Hubo una época, ya lejana, digamos el siglo XVIII, en que, más allá de cualquier posible calamitosa epidemia, el mundo parecía haber aprendido las duras lecciones de la Historia, y se encaminaba ineluctablemente hacia esa felicidad apuntada por Voltaire en ese magistral relato que es Candide. Tras la época de los fanatismos, de las guerras, de las intolerancias, de las ideologías absurdas y de las teologías abracadabrantes, se imponía una realidad, exaltada por las Luces y los filósofos de la Ilustración: «había que cuidar de su jardín; había que cultivarlo» y olvidarse de las quimeras, los delirios y las fabulas. Voltaire, pese a ser uno de los seres más inteligentes e instruidos de su tiempo, no tenía la certeza de que existiera un paraíso después de esta vida, pero sí estaba plenamente seguro de que este mundo en que vivimos es plenamente mejorable y perfectible siempre y cuando se empleara la razón, la lógica y la honestidad. Era una forma absolutamente original de erradicar los miedos del Medioevo, tan insidiosamente utilizados por los poderosos –y su gran valedora: la Iglesia– para mantener un status quo denigrante.

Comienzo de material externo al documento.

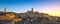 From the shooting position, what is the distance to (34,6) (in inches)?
109

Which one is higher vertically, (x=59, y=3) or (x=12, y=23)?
(x=59, y=3)

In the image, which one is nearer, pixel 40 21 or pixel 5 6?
pixel 40 21

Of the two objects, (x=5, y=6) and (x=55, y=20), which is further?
(x=5, y=6)

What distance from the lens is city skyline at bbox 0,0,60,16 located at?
273cm

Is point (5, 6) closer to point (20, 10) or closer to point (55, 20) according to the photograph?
point (20, 10)

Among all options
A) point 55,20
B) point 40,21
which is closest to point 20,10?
point 40,21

Lo que vino después es de sobra conocido, empezando por los odiosos nacionalismos de raíz romántica, que terminaron arrasando todo vestigio de cosmopolitismo y de visión del mundo como algo global. Desde principios del XIX asistimos a una lucha de dos 'ideologías' enfrentadas: la de los que, de alguna forma, luchan por hacer realidad la tesis de Voltaire, frente a quienes urden intrigas, compran voluntades, manejan hilos, falsean la Historia, manipulan lo que haya que manipular, todo con tal de llevarse el gato al agua y demostrar la superioridad de un pueblo, una raza o una ideología. Son las gentes de mala fe, los impostores, los canallas, que tan duramente fustigaba Sartre.

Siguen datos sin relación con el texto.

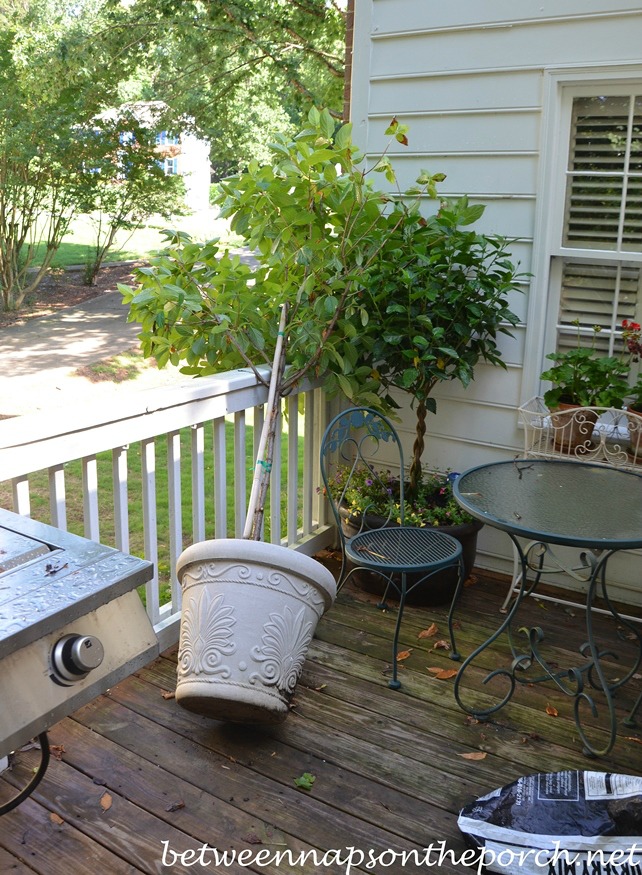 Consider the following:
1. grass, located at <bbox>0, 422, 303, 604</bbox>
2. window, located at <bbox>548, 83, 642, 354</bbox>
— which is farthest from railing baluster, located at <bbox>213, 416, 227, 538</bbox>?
window, located at <bbox>548, 83, 642, 354</bbox>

Y es tal el poder de estos grandes mixtificadores, que corrompen todo lo que tocan, incluidos la religión, la ciencia, el pensamiento y hasta el deporte. Ejemplos los podríamos ver a miles, desde la dinamita y la energía nuclear –ideadas por Nobel y Einstein como modo de ayudar al progreso–, hasta le religión como instrumento de conformismo, pasando por la instrumentalización del arte, los medicamentos, etc. Su arma más eficaz: el miedo. Meter el miedo en las entrañas; y ya no sólo los miedos innatos en el ser humano, como la enfermedad, la muerte, las catástrofes naturales, las epidemias, sino también los miedos que a diario se arrojan contra la Humanidad, perfectamente ideados para someternos, como el que se anuncia a bombo y platillo de cara al otoño próximo. Miedos nuevos arrojados como bombas fétidas sobre la Humanidad por individuos sin rostro, ávidos de poder y eternamente insatisfechos, que son justo lo contrario de esos filántropos que tanto hicieron y siguen haciendo por los seres humanos. Son, una vez más, Jekyll y Hyde, Dios y Satán, eternamente enfrentados.

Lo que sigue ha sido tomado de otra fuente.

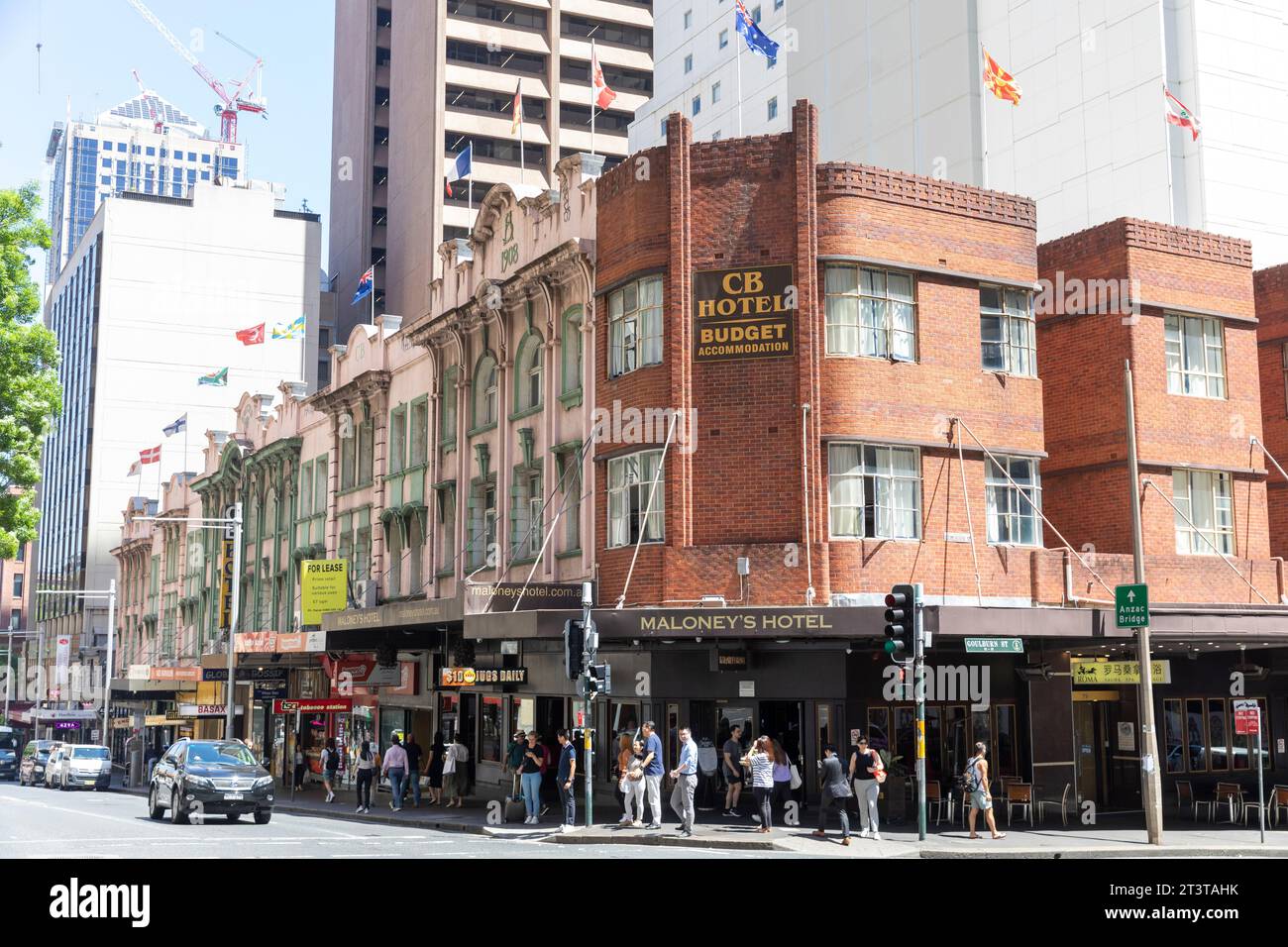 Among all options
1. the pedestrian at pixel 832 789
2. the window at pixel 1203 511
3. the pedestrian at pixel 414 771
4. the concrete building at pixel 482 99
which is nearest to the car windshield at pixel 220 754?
the pedestrian at pixel 414 771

Lo vivido a lo largo de estos tres años entraña una gran similitud con los 'Cuatro jinetes del Apocalipsis': pandemia, guerra, muerte, inflación, pobreza, ruina. Y todo ello, pese a que los medios de comunicación, dirigidos por hilos que se nos escapan, deciden motu propio, ocultar el número diario de víctimas de la Covid, o los muertos, también diarios, de la guerra de Putin. Y optan por contar las francachelas de Johnson o los encierros de San Fermín. Sin embargo, basta observar un poco la realidad (muertos en la valla de Ceuta, altercados en Cuba, o Haití) para ver motivos de preocupación serios. Y es que no pueden ganar eternamente los mismos (véanse los Estados Unidos y sus fabricantes de armas). Algo huele a podrido en Dinamarca, en tanto que España arde con temperaturas saharianas, una sequía galopante y una inflación que se ciñe sobre los de siempre, sumiéndolos en la pobreza y el miedo al futuro.